- WHAT TO PRODUCE
Beginning with the line containing "Azərbaycan ağırlıqqaldıranından Avropa" and ending at the last line of the records, transcribe each line exactly. Do not include pictures.

- SOURCE DATA

━━━━━━━━

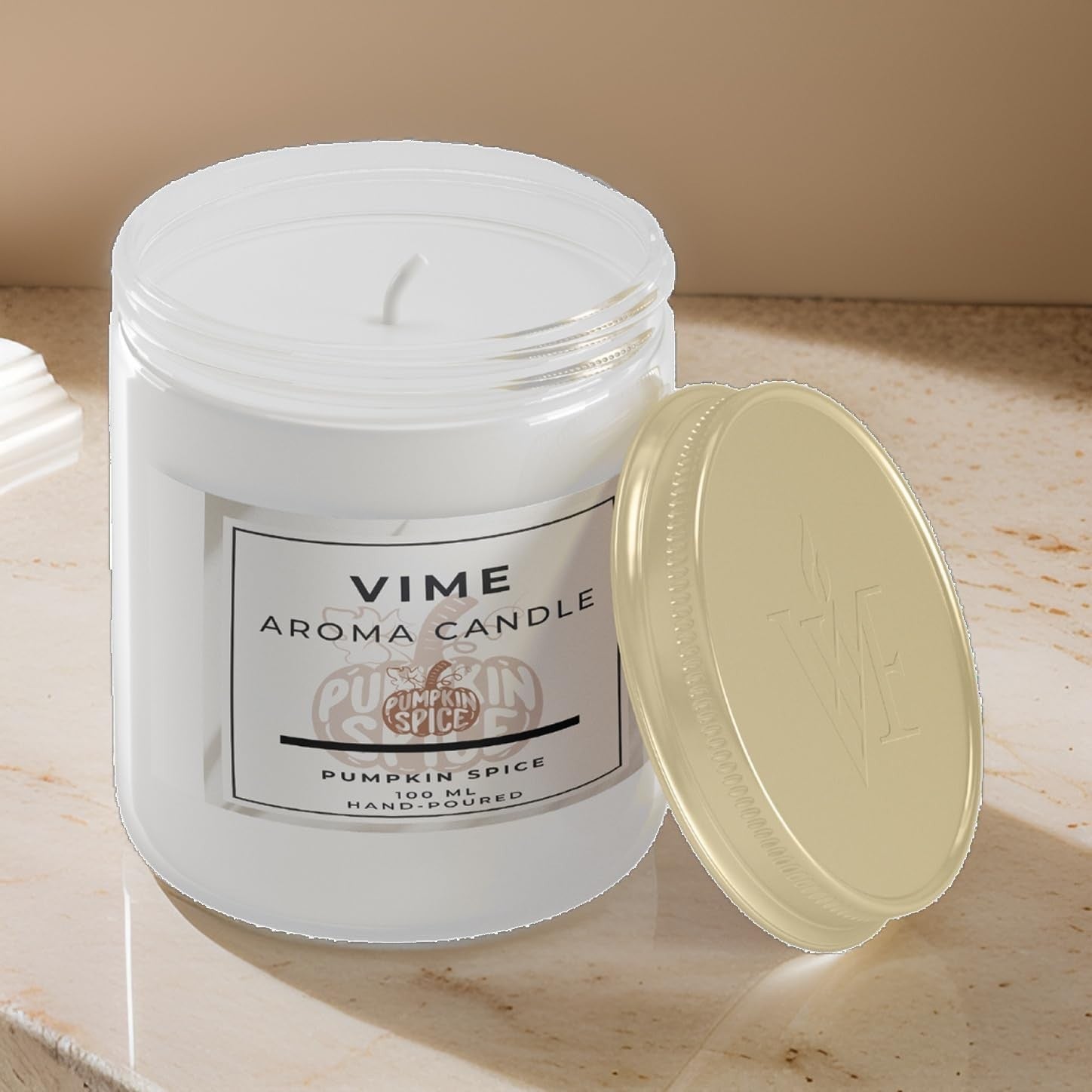 GoHooked ViMe white pumpkin spice aroma candle in a glass jar with a gold lid. Hand-poured, 100ml.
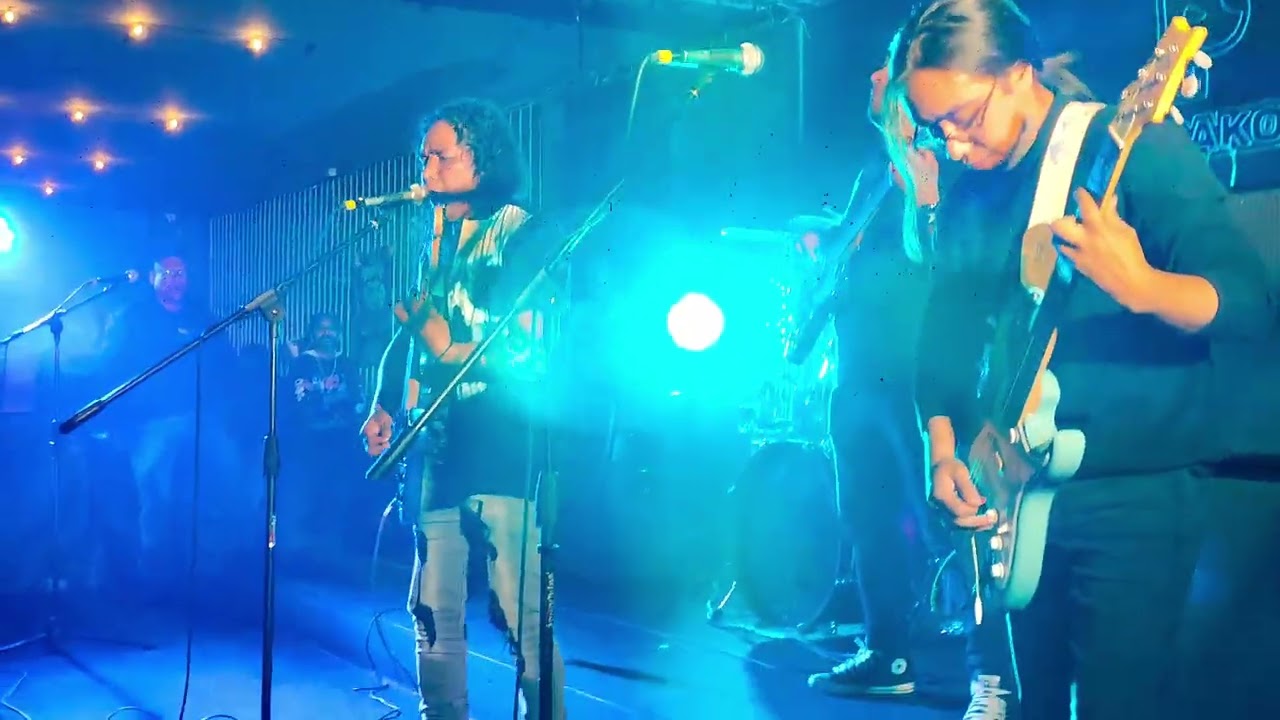 Ya borracho .-ROSAL NEGRO 🤟 #charlyrocktv #carloshyperdj #rock #rockmexicano #rockmexico 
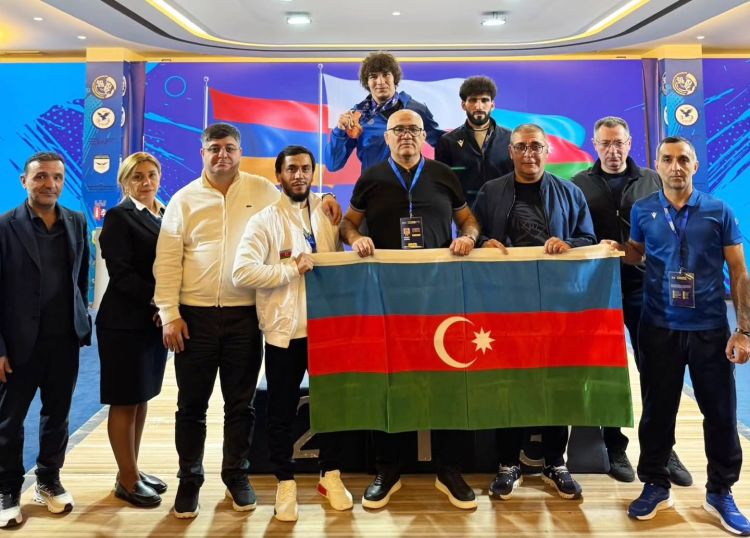 Azərbaycan ağırlıqqaldıranından Avropa birinciliyində üç bürünc medal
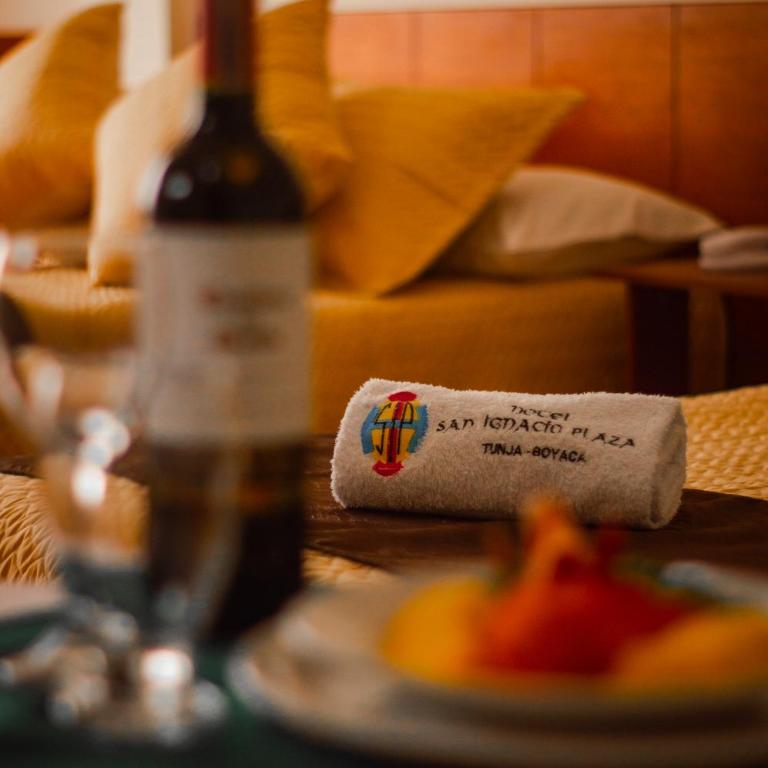 Hotel San Ignacio Plaza - Quadruple Room - 2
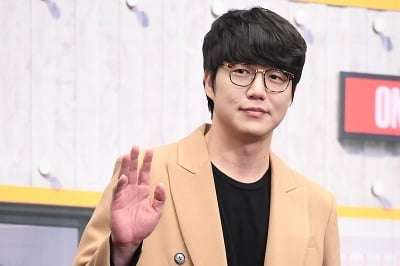  성시경, '女心 사로잡는 부드러운 남자~'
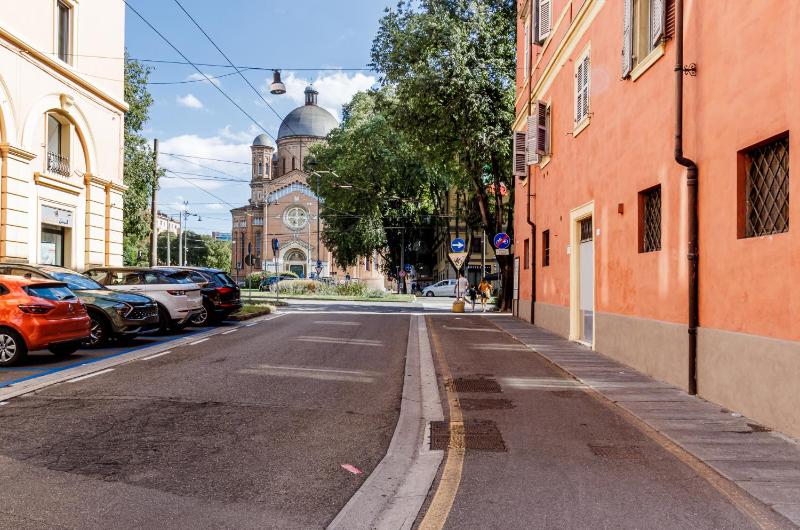 Chiara Apartment | WiFi Train Station Parking - image 17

━━━━━━━━

- RESPONSE FOR THIS EXERCISE
 Azərbaycan ağırlıqqaldıranından Avropa birinciliyində üç bürünc medal
 Hotel San Ignacio Plaza - Quadruple Room - 2
  성시경, '女心 사로잡는 부드러운 남자~'
 Chiara Apartment | WiFi Train Station Parking - image 17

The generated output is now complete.